Héros ou revanchards ?

Dans l’imagerie populaire, souvent empreinte de bon sens, le lanceur d’alerte est une sorte de contestataire anarchiste, un esprit libre et frondeur, authentiquement attaché à la vérité. Heureusement, c’est souvent vrai et des exemples positifs abondent dans l’histoire, comme le montre notre article « Les précurseurs de la vérité ».

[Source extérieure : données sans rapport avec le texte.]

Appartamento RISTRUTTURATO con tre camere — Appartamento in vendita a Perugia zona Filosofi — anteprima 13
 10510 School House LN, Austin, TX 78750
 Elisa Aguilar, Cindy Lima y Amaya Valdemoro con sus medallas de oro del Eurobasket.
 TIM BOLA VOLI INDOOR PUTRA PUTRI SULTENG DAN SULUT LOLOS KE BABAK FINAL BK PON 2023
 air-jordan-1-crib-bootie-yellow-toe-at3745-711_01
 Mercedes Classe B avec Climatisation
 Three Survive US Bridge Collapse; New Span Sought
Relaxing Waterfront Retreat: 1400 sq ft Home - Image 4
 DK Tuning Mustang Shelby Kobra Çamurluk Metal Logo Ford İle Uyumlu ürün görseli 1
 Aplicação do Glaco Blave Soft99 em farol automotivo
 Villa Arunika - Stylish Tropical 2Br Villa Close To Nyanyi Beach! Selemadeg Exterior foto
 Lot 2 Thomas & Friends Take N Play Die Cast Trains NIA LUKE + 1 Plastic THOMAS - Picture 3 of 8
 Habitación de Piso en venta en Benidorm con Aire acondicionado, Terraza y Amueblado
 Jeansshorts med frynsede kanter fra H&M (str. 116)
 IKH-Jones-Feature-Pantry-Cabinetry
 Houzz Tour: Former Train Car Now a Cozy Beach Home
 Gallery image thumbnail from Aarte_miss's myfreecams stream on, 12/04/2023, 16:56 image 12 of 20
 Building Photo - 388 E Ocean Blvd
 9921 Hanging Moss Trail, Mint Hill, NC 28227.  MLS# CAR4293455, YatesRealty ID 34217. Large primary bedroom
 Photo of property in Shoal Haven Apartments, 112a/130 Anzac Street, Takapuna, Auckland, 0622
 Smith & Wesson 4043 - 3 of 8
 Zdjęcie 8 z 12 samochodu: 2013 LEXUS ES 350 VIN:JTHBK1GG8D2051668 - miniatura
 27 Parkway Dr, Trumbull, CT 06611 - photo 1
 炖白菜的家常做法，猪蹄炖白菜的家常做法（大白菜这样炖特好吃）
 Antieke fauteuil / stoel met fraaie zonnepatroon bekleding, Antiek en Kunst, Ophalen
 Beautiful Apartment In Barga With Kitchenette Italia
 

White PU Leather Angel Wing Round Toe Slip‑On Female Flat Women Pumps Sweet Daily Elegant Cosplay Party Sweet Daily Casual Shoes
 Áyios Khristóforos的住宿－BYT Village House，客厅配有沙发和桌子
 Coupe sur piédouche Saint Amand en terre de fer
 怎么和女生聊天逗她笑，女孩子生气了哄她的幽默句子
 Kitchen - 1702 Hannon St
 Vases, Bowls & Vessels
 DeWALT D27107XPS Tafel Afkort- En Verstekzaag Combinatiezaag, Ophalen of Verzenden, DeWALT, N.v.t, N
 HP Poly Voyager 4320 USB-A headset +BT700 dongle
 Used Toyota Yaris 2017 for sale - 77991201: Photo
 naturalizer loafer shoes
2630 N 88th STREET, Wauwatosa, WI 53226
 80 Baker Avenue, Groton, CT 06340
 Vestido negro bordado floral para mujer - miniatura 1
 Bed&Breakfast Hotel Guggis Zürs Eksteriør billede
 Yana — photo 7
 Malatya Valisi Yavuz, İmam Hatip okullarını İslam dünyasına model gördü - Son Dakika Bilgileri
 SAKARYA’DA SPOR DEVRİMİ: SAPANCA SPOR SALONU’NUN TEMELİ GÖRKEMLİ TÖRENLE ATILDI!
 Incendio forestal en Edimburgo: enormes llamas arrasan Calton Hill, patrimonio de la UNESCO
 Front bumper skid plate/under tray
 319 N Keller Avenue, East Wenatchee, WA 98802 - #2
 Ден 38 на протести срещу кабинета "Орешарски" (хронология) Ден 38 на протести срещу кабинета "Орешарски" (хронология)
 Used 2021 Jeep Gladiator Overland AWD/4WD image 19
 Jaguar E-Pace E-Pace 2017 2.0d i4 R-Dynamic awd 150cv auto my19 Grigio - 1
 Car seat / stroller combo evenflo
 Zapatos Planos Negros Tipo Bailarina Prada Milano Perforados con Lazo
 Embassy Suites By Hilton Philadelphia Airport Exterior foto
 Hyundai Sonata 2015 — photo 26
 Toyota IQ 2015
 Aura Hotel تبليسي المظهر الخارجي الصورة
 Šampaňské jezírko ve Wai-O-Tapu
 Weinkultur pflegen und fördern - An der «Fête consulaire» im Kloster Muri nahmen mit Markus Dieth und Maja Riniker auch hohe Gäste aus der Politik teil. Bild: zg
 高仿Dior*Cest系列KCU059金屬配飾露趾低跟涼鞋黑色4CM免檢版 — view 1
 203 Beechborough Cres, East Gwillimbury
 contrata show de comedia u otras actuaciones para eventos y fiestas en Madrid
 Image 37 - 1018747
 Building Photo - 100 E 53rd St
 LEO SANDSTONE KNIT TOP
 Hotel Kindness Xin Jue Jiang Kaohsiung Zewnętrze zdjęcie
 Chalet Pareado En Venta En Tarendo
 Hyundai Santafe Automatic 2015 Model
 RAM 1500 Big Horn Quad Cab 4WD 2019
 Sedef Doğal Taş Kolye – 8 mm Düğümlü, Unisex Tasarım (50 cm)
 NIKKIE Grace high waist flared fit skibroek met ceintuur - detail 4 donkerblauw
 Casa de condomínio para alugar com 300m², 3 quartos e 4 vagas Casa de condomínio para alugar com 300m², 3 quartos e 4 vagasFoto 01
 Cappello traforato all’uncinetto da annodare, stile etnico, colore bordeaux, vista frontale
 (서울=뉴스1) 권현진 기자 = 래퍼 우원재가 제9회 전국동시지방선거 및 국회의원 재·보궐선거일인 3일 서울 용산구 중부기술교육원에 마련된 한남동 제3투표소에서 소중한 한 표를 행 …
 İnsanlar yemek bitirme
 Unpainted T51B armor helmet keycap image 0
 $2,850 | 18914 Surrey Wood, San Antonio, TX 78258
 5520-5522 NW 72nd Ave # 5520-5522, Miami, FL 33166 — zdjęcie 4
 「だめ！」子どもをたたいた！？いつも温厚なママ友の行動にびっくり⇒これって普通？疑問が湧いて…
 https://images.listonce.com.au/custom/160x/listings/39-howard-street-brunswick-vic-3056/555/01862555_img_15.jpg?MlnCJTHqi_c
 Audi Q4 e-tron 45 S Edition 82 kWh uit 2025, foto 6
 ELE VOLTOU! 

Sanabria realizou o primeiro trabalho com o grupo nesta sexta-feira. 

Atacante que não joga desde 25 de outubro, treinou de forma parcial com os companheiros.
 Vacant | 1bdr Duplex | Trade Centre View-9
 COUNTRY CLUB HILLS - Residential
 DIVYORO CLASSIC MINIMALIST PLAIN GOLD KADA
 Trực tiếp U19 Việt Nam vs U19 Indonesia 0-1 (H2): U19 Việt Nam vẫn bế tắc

Ce qui rend néanmoins l’affaire complexe, ainsi qu’intéressante, c’est que parfois, le profil psychologique et les motivations du lanceur s’avèrent quelque peu troubles : on décèle çà et là un désir de vengeance, l’appât du gain, une mythomanie, la soif « egomaniaque » d’attention ou de reconnaissance. Les « tombeurs » de l’UBS (Bradley Birkenfeld et les 104 millions de récompense qu’il reçut du gouvernement américain) ou de HSBC Suisse (Hervé Falciani) sont là pour le démontrer. C’est bien pour cela que, dans notre interview, le sociologue Francis Chateauraynaud suggère de se concentrer sur le contenu de l’alerte, plus que sur la personnalité du lanceur. Il serait tentant de le suivre dans cette simplification, qui fait néanmoins un peu vite l’impasse sur certaines exigences morales : peut-on, dans un État de droit, utiliser n’importe quelles informations, sans se préoccuper de la façon dont elles ont été obtenues ? Ce serait oublier que devant les tribunaux – seuls aptes à juger –, tous les moyens de preuve et d’investigation ne sont pas admis.

On le voit, la question du lanceur d’alerte est complexe, protéiforme, on comprend combien il est, dès lors, difficile de légiférer sur la question et protéger le « bon » lanceur d’alerte sans encourager l’autojustice sommaire ni la divulgation de secrets légitimes (mais comment définir ces derniers ?).

Notre dossier ne prétend pas faire un inventaire exhaustif de la problématique, mais vise à soulever certaines questions ouvertes et à rendre hommage à quelques lanceurs d’alerte historiques ou contemporains, dont les motivations semblent a priori désintéressées ou même nobles. Et dont les destins ont connu des fluctuations extrêmes : héros glorifiés un jour, criminels vilipendés ou simplement broyés et oubliés un autre comme, tout près de nous, un certain Julian Assange.